Local Leaders Just Gained a New Tool to Address Inequality

Cross-posted from Rooflines, the Shelterforce Blog

A new Brookings Institution analysis confirms what we are feeling: inequality continues to climb in cities, and large income gains at the top are not lifting up incomes near the bottom. In the face of such inequitable growth, cities need to use every tool at their disposal to connect their low-income residents to good jobs that offer opportunities to move up those rungs. One piece of good news is that the federal transportation department made a big move to expand that toolkit earlier this month by launching a new Local Hire pilot program.

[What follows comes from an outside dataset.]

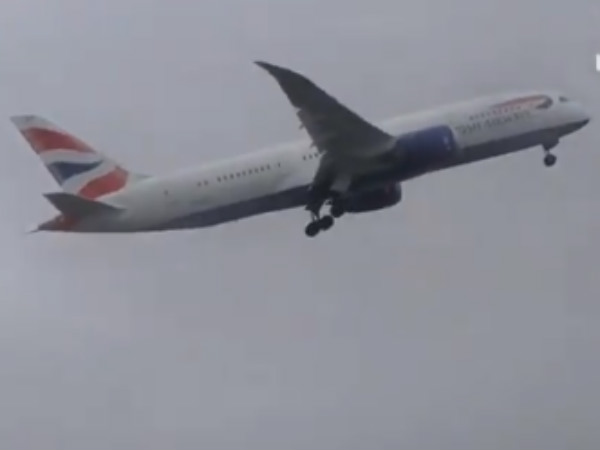 यूके और आयरलैंड तूफान से परेशान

As Laura Barrett has written about on this blog, local/targeted hire is a no-brainer. In short, it’s a no-cost way for local leaders to connect unemployed or underemployed people in their communities to the growing pool of quality jobs being created by transportation investments. Los Angeles, Denver, Atlanta and many other regions are ponying up billions of dollars to build 21st century transit systems, and every $1 billion they spend will translate into some 50,000 jobs. There will also be many replacement job openings in transportation in coming years, since a large share of transportation workers are nearing retirement age. Transportation jobs are generally good “middle-skill” jobs that pay well and provide benefits (largely because of high levels of unionization), and are available to people who have some level of postsecondary training but not necessarily a college degree. But despite the potential for transportation jobs to expand economic mobility, women and people of color—especially African Americans—have long been underrepresented in the sector’s middle-skill jobs, and locked out of jobs on the transit lines and roads being built right in their own communities.
 
Forward-thinking cities and states, prompted by community advocates and organizers, have used local and targeted hiring policies to connect local residents, low-income residents, and other disadvantaged groups like people with criminal records, to the jobs being created through their public investments. These are classic local equitable development policy innovations that have been shown to work, particularly when they are combined with strategies to open up apprenticeships to underserved workers. But for more than forty years, federal policies blocked cities and states from requiring local hiring on projects funded with federal transportation dollars. This prohibition was put in place when transportation projects were 80 percent federally-funded out of a fear of unfair competition, and has remained there even though the funding mix has shifted and local funding now dominates.
 
The pilot program lifts this archaic policy for a year, allowing transit agencies to test out local hiring. This is a tremendous win for the Transportation Equity Caucus and many other advocacy groups who’ve long pushed to remove this barrier and leverage our transportation investments to expand access, mobility, and opportunity for all. (Full disclosure: PolicyLink is the co-convener of the Equity Caucus)
 
Early results from Los Angeles illustrate the potential of local hire. Thanks to fierce advocacy from former mayor Antonio Villaraigosa, the county secured approval in 2012 to include local and targeted hiring in a project labor agreement and construction careers policy that now covers 12 transit expansion projects. It requires that 40 percent of the work hours go to workers living in economically disadvantaged zip codes, that 10 percent of the hours go to disadvantaged workers (such as the chronically unemployed, homeless, single parents, veterans, and people with criminal records), and that 20 percent of the hours go to apprentices. The policy is now being applied on the $2 billion, 8.5-mile Crenshaw/LAX Transit Corridor Project light rail line through South LA, and reports from November 2014 show that the contractor is exceeding the requirements, with 58 percent participation from workers living in economically disadvantaged zip codes.
 
Mayors, council members, and other local leaders who want to take action to reduce inequality should take up the transportation agency on their trial offer (and share your support for the program here). While inequality is largely the result of federal and state policies and global economic trends, there is a lot that local leaders can do to address the high unemployment and stagnant wages contributing to the rising gaps between their rich and poor. Targeted employment strategies are also crucial to reducing the widening gap between wages and housing costs in many of the same cities where inequality is high and rising.
 
Doing everything possible to connect residents left out of the recovery to good job opportunities is a key part of the local equitable growth agenda that cities need to be implementing. It is not enough—they also need to be growing new good jobs through smart entrepreneurship and economic development policies and raising the floor on low-wage jobs—but it is a crucial leg of the “all-in cities” stool.